- WHAT YOU HAVE TO DO
All lines from the one containing "5847 Waterman BLVD, St Louis, MO 63112" through the end of the entries below should appear in the answer exactly, with no others.

- MATERIAL SHOWN
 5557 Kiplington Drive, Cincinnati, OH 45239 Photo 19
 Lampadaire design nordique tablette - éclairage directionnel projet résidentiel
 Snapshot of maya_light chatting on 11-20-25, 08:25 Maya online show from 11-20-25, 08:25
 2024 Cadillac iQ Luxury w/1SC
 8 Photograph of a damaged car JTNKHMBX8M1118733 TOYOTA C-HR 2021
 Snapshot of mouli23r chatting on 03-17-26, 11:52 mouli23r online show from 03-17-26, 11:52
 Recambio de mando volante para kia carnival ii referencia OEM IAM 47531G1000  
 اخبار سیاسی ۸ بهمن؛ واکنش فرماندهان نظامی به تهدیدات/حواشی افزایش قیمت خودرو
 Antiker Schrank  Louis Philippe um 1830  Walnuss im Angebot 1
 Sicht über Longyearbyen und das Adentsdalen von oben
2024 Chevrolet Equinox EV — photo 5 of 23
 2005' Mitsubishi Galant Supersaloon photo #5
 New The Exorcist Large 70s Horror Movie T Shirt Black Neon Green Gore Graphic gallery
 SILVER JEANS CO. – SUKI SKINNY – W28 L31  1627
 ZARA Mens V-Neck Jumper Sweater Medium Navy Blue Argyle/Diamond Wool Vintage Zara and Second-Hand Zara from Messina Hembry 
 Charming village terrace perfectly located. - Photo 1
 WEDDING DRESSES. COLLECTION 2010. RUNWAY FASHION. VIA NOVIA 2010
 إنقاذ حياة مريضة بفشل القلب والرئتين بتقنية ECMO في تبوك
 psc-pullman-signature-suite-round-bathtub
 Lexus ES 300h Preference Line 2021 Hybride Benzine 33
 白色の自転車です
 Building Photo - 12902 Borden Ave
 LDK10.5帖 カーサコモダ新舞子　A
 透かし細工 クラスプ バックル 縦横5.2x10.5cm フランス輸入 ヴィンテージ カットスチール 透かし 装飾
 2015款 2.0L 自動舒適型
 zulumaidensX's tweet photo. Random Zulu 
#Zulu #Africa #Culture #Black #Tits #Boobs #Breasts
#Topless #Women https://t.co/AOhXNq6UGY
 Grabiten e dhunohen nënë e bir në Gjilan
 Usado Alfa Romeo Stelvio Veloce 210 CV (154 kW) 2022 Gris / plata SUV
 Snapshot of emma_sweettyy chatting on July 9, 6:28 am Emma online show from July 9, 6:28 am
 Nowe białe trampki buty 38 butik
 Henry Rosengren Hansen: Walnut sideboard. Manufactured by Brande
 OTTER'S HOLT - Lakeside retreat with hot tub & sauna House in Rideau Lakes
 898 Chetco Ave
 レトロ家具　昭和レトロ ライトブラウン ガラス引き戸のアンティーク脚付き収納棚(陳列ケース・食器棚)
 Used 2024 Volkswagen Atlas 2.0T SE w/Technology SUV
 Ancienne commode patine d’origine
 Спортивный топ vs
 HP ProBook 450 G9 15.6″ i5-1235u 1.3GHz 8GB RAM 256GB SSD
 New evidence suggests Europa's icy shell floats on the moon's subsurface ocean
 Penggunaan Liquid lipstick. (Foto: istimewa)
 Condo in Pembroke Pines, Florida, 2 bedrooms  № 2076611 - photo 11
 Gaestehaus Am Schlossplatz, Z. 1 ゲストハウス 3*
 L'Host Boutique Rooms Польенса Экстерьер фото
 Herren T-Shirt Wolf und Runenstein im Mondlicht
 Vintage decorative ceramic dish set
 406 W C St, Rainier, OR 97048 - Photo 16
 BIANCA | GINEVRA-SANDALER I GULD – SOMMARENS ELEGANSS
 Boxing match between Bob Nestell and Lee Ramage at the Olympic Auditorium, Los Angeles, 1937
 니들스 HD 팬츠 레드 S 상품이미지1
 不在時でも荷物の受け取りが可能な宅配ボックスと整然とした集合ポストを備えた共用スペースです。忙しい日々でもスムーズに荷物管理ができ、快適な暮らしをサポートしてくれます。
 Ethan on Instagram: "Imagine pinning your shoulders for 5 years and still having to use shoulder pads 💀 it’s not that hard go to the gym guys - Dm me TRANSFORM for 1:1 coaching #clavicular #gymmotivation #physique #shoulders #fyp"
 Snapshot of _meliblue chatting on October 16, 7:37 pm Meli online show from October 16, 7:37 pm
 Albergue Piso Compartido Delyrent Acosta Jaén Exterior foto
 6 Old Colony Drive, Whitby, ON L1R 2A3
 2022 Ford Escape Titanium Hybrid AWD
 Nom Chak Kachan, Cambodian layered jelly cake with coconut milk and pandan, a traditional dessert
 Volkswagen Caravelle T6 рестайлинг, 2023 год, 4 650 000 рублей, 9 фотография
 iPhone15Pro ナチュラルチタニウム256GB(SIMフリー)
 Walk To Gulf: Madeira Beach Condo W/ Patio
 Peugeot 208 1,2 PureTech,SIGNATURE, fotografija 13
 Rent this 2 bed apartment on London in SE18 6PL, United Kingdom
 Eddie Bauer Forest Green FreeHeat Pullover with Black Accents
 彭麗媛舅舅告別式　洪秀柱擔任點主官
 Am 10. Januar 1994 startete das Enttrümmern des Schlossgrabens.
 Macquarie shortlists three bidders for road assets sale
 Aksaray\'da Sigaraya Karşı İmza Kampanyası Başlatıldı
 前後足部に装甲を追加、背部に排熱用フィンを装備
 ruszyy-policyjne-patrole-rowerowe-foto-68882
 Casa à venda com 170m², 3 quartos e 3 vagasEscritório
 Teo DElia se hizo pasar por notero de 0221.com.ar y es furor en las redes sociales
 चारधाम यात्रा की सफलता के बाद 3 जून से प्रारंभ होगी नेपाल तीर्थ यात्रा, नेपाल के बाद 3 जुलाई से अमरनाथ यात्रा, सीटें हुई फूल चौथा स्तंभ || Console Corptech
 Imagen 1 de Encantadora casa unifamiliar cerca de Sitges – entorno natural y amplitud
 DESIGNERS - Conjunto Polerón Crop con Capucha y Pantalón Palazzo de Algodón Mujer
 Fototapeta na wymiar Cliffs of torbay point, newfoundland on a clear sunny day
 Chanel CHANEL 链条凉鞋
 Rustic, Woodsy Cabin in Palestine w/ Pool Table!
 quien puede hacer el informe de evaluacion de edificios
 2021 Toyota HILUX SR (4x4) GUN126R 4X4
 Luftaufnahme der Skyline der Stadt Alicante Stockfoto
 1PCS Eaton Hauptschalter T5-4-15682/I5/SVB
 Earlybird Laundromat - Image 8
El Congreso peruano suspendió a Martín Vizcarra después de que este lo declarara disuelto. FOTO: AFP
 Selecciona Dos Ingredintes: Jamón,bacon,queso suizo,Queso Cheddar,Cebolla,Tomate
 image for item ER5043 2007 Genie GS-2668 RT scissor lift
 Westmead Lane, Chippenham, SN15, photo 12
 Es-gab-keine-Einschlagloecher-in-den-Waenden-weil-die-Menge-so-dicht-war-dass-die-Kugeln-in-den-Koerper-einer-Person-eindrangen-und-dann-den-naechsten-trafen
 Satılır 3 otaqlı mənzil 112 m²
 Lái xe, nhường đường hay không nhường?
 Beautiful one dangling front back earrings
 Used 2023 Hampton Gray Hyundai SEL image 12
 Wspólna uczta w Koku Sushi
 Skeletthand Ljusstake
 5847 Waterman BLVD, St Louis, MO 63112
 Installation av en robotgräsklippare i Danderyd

- SOLUTION TO THIS TASK
 5847 Waterman BLVD, St Louis, MO 63112
 Installation av en robotgräsklippare i Danderyd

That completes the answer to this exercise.